Обрадовался Яков. Выдавил из шариковой ручки чернила, макнул туда струну — и нарисовал на себе пантеру, на руке. Пантера вышла куцая. Рисовать Яков не умел. Но гордился татуировкой ужасно и оптимизмом своим заразил молодёжь. Глядь — через месяц уже трое ходили с наколками. У кого — синий нож с коброй. У кого — скорпион.

Тут и попался бездельнику Якову на пути Васька Соколов. И давай Яков, аки демон, его обольщать. «У тебя, — спрашивает Ваську, — баба уже была?» Какая баба в тринадцать лет? Так, целовался только. «Была! — отвечает Васька. — Даже две!» Прищурился Яков. «Брешешь, — говорит. — По глазам вижу, что брешешь. Не было у тебя бабы». Васька молчит. «А знаешь, почему не было? Потому что скучный ты. Обычный. А бабы любят, когда с огоньком». Васька молчит. «Пантеру мою видал? — спрашивает Яков и протягивает руку. — На, посмотри». Смотрит с руки Якова на Ваську синий клыкастый зверь. «Красиво?» Васька кивнул. «Дерзко?» Дерзче некуда. «Вот! Вот что бабы любят! Без наколочки я обычный был, как ты. Бабы меня сторонились. А как нарисовал зверюгу, отбоя нет! Сечёшь?» — «Секу».

И попал Яков Ваське Соколову в самое сердце. Одурманил его. Заворожил. Васька ложился спать, а в уме — наколка. В школу шёл — вновь она. Представлял Васька мускулистую руку свою, а на ней — что? Дракон. Японский. И сам Васька — уже и не Васька вовсе, а мафия, якудза, опасный человек. Или не дракон, а штурвал. Моряцкий. Или не штурвал, а череп. Короче, много ли надо сельскому пацану, чтобы размечтаться?

Глядь — через месяц уже трое ходили с наколками. У кого — синий нож с коброй. У кого — скорпион

Измаялся Васька — да и пришёл к Якову в один день. «Коли!» — протянул руку. «Что колоть?» — «Не знаю. Дракона можешь? А черепуху? А кинжал? Хотя нет. Коли паутину. Хотя тоже нет». — «Так чего колоть-то?» «А не знаю, — покраснел Васька. — Коли солнце! И имя моё наверху».

Яков и наколол.

Только вышла у Якова с Васькой Соколовым промашка. Раз вечером увидала Васькину руку его маменька. «Ну-ка, ну-ка, — проворчала. — Это что эт-там? Никак, наколочка?» А надо сказать, что рос Васька Соколов без отца. И оттого маменька его была строга за двоих — за папку, которого не было, и за себя. Могла и ремнём лупануть Ваську. Но и в обиду не давала. Раз вернулся Васёк с расквашенным носом — так она допросила его, вытянула признание, кто бил, нашла обидчика и за волосы оттаскала при всех. Побаивались Васькину мамку. Считали, что зазря к ней лучше не лезть.
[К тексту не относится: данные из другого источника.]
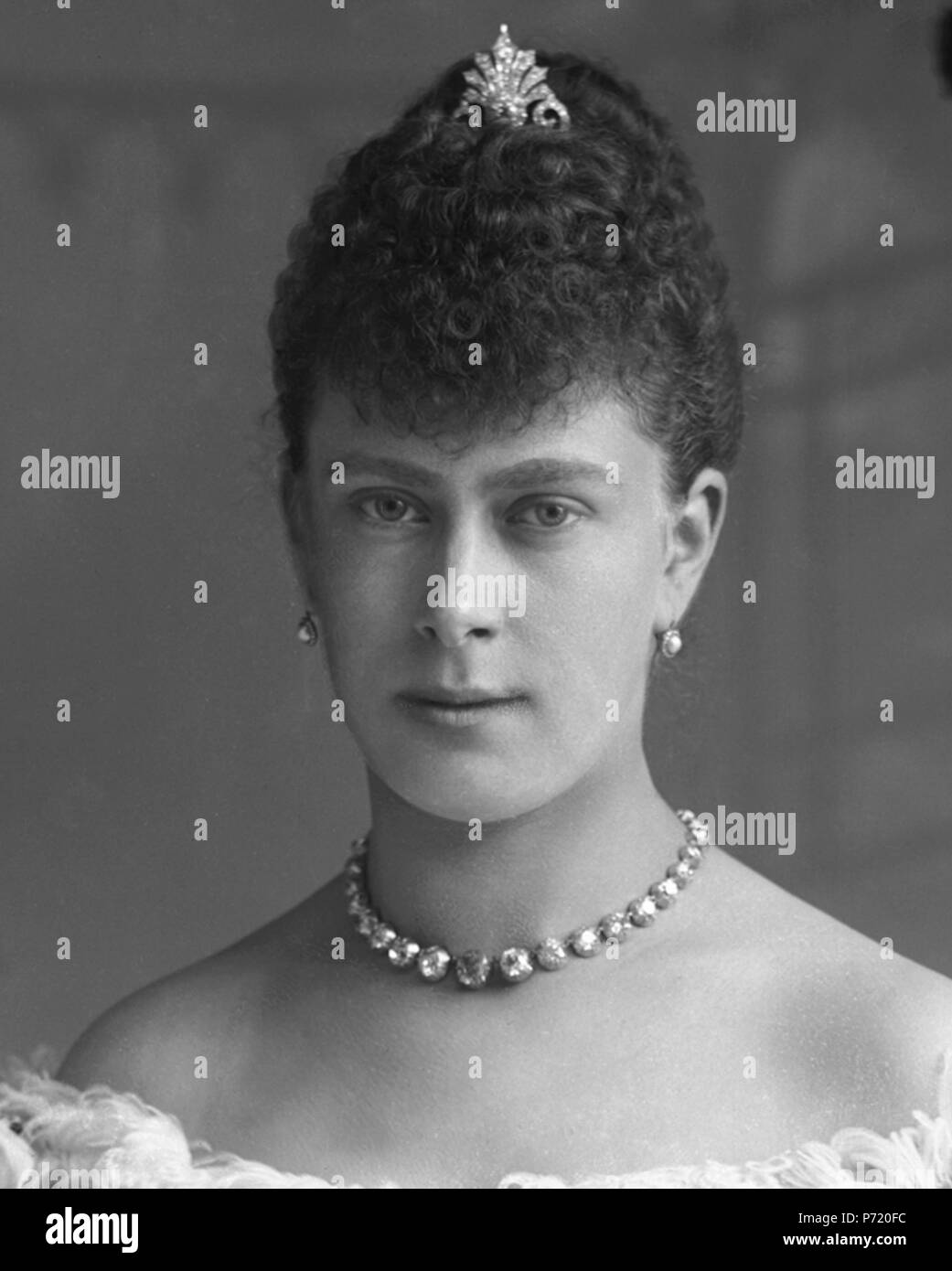 Englisch: Portrait von Königin Maria (1867 - 1953) als Prinzessin Victoria Maria von Teck, vor der Hochzeit sitzen, 6. Juli 1893. Der Diamant rivière Halskette war ein Geschenk von König Edward VII. und der Königin Alexandra, in Erinnerung an den Herzog von Clarence, den 27. Februar, 1892. 24. Juni 1893 225 Victoria Maria von Teck (Detail) Stockfoto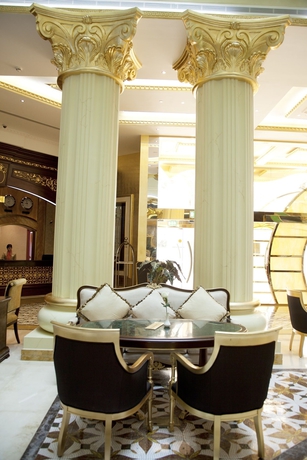 Imagen de los interiores del Hotel Grand Excelsior Al Barsha. Foto 10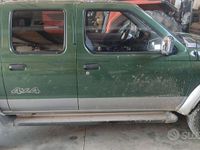 Usata Nissan Navara 103 CV (75 kW) 2001 Verde Pick-up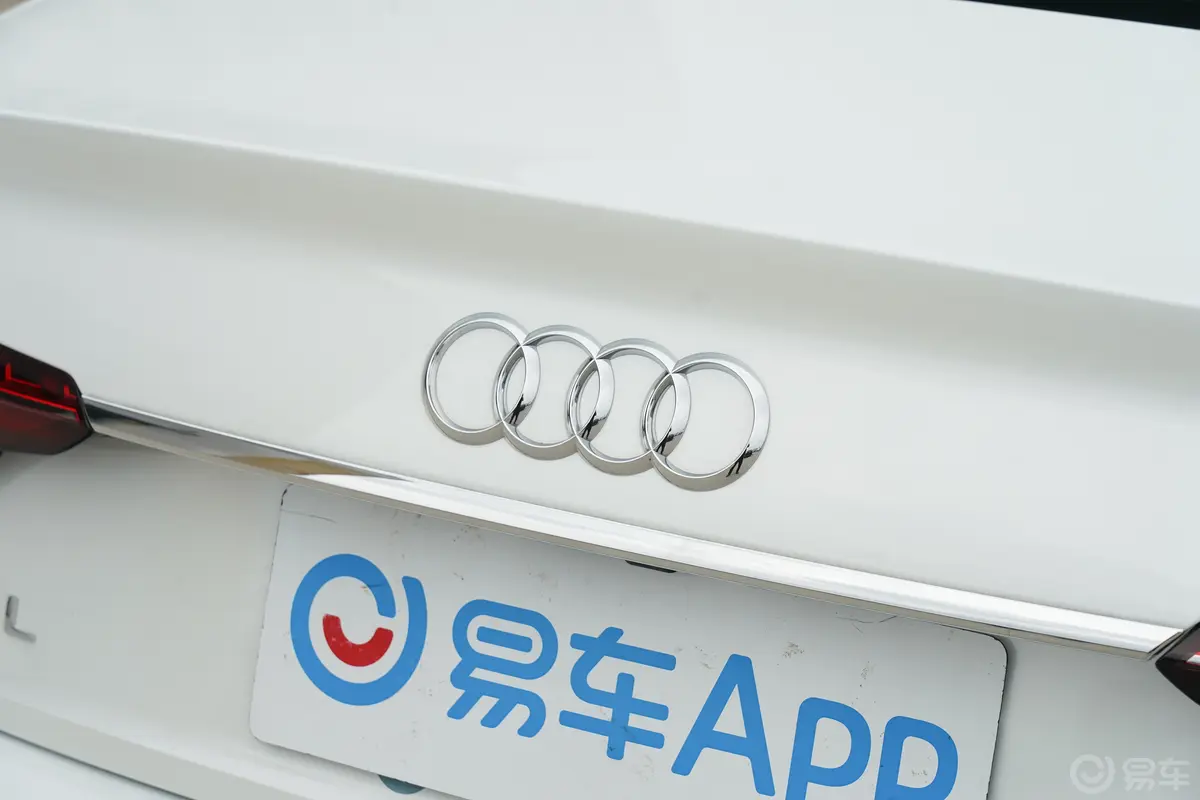 奥迪A4L40 TFSI 时尚动感型外观细节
И вот теперь упёрла она руки в боки и спрашивает: «Никак, накололся?» «Синяк у меня, — пробурчал Васька. — На футболе». — «А ну, покажь свой футбол!» — «Не покАжу». — «А ну покажь, сказала!» Что тут поделаешь? Пришлось показать.

Ох и досталось Ваське в тот вечер. И скалкой боднули его. И рукой. И полотенцем. Под конец заставила маменька Ваську оттирать наколочку мылом с мочалкой. Да только куда там. Васька трёт, а она только лучше, ярче. Распустило солнышко свои лучики. Светит гордо на кулаке имя человеческое — ВАСЯ.

Наутро пошла маменька к участковому жаловаться. «Что ж такое у вас творится? — ругалась. — Куда власти смотрят? Ему же, Васеньке моему, с этим теперь жить!» Только участковый уже и сам всё знал. «Примем меры, — сказал он. — Якова, засранца, я голой жопой на рыболовный крючок насажу!»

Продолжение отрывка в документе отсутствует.